Beyond its customer base, Plantmade’s business achievements have garnered recognition that signals a shifting landscape in beauty entrepreneurship. In 2025, Ama Amo-Agyei was named to the Sunday Times’s “Beauty Rich List,” debuting among the UK’s top beauty entrepreneurs with an estimated £10 million in personal wealth from her stake in Plantmade. Seeing a 29-year-old Ghanaian-British woman listed alongside titans like Charlotte Tilbury is a milestone moment – it highlights how far a kitchen-made, digitally native brand can go, and it underscores the growing influence of Black-owned brands in the economy. Media outlets and organizations have also highlighted Plantmade as a case study: the BBC featured Ama’s journey from unemployment to her first million in a documentary titled “The Beauty Boss,” bringing her story to a wider audience. Industry publications like Beauty Independent and Entrepreneur have analyzed Plantmade’s strategies, and Black business platforms (Shoppe Black, Wealthy Diasporian, etc.) have celebrated the brand’s role in the global Black business ecosystem. Collectively, this coverage amplifies Plantmade’s impact: it’s not only changing people’s hair, but also changing perceptions about who can lead a successful beauty brand.

Moreover, Plantmade has indirectly pressured larger companies to pay attention to consumer calls for clean, inclusive haircare. Its rise comes at a time when consumers are increasingly savvy – they scrutinize ingredients, demand transparency, and value brands that reflect their identity and values. Plantmade checks all those boxes, and its grassroots success sends a signal to the industry that the era of top-down, one-size-fits-all beauty is waning. Independent brands that genuinely engage with their communities can now outperform legacy brands that have big budgets but lack authenticity. In interviews, Ama emphasizes differentiation and authenticity as keys to breaking through: “How are you going to stand out?... With competition at an all-time high, success will go to those who look, sound, and feel completely different from the rest,” she advises fellow entrepreneurs. Plantmade’s differentiation – be it the story, the ingredients, the naming, or the direct connection with consumers – has been its moat in a saturated market. This serves as both an inspiration and a playbook for other Black-owned brands emerging across wellness, fashion, and beyond.

Looking Ahead: Expansion and Evolving Vision

Plantmade’s journey is still in its early chapters, and the brand is poised for a new phase of growth that could further cement its influence. Having mastered the direct-to-consumer online model, Ama Amo-Agyei is now strategizing ways to bring Plantmade’s products and ethos to more people through international expansion and retail partnerships. The United States – which already accounts for over a third of sales – is a prime target.

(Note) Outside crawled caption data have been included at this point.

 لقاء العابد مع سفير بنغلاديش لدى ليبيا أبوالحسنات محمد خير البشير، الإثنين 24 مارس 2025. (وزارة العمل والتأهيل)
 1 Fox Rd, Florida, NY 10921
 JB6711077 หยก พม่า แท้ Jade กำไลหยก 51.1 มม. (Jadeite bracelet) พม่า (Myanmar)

To fuel these ambitions, Ama has cautiously begun considering outside investment after years of successful bootstrapping. Any capital infusion would likely go into building a more robust production infrastructure (their current in-house manufacturing, while a strength, will need upgrading to meet global demand) and into marketing campaigns to introduce Plantmade in new regions. However, any partnership will have to align with the brand’s values; as Ama has proven, authenticity and community trust are non-negotiable, so scaling up must not dilute what made Plantmade special. If anything, potential investors are drawn because of Plantmade’s engaged following and narrative – assets that are hard to buy but incredibly valuable in today’s branding landscape.

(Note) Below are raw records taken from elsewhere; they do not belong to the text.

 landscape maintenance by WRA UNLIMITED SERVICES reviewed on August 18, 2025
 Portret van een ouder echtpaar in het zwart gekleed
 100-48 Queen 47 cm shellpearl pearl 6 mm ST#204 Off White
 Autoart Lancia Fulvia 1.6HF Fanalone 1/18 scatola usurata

From a brand strategy perspective, Plantmade’s story offers a compelling blueprint for building a modern consumer brand. It underscores the importance of solving a real problem based on personal insight, leveraging storytelling and social media to cultivate demand, and creating a strong brand identity that differentiates you from day one. It also highlights the potential of the often-overlooked Black consumer segment and the talent within the Black entrepreneurial community to drive innovation when given (or in this case, when taking) the opportunity. Plantmade was “built not on celebrity endorsements or venture capital, but on necessity, resilience, and innovation,” as one journalist aptly noted Those fundamentals have given it a kind of staying power that many trend-driven startups lack. Customers feel invested in the brand’s journey and mission, not just its products.

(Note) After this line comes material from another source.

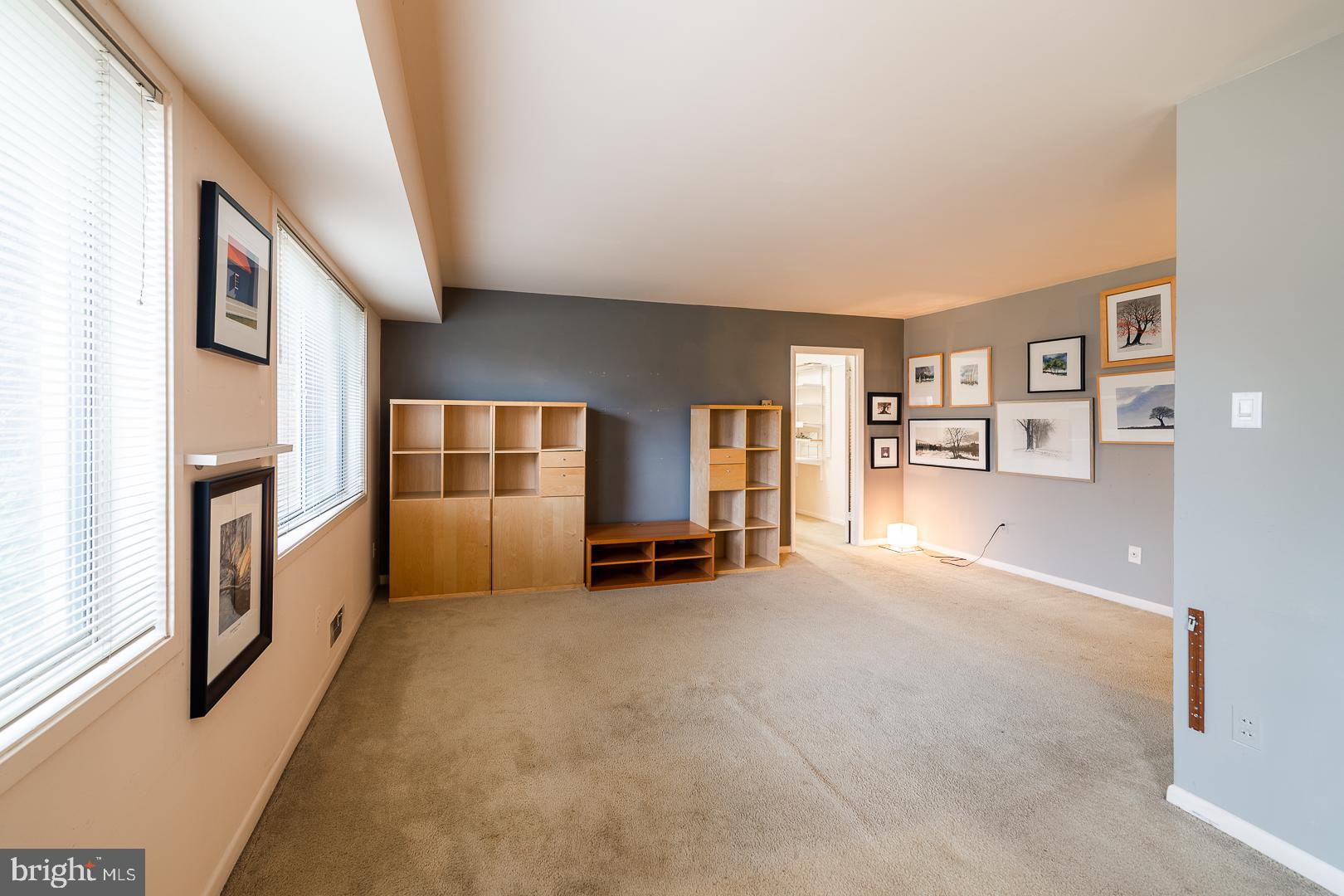 PARKSIDE CONDOMINIUMS - Residential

As Plantmade looks toward the future, the challenges will be to maintain the intimate customer connection and product quality at scale, and to continue leading with education and authenticity even as the company grows larger. Given Ama Amo-Agyei’s track record so far, there’s reason to be optimistic. Her vision of Plantmade becoming a global wellness powerhouse seems within reach – a future where a young woman’s remedy for her own hair loss has blossomed into a worldwide brand helping millions “grow and glow” naturally. In the ever-evolving world of brand strategy and consumer behavior, Plantmade’s case exemplifies how a contemporary brand built on community, culture, and credibility can rewrite the rules. And for the modern brand owner or marketer, it’s a potent reminder that understanding your audience’s true needs – and meeting them with authenticity – is the ultimate growth formula.

Share button
linkedinpinterestmail
Case Studies

What Every Founder Can Learn from Plantmade

Laid off and losing her hair, Ama Amo-Agyei turned a £100 kitchen experiment into one of the UK’s most influential wellness brands. Four years later, Plantmade is redefining hair growth and the future of Black-owned beauty.

By
The Desiree Team
October 21, 2025
Plantmade

Plantmade was never meant to be a start-up story. It was survival that turned into strategy. From the beginning, Ama refused the playbook most beauty founders follow: no investors, no polished launch, no influencer campaigns. Her first “funding round” was a £50 note from her brother.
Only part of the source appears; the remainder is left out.